> EXERCISE OBJECTIVE
Every line in the data below from the one containing "Michael Phelps Is" down to the one containing "6574 Jordan River", both included, must be retyped exactly; no other line is to appear.

> INFORMATION PROVIDED
Content starts
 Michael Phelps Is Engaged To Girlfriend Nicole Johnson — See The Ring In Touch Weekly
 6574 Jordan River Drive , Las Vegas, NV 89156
Content ends
Content starts
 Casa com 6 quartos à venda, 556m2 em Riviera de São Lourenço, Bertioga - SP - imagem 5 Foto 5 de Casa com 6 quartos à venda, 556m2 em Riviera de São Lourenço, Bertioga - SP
Content ends
> SOLUTION TO THE PROBLEM
 Michael Phelps Is Engaged To Girlfriend Nicole Johnson — See The Ring In Touch Weekly
 6574 Jordan River Drive , Las Vegas, NV 89156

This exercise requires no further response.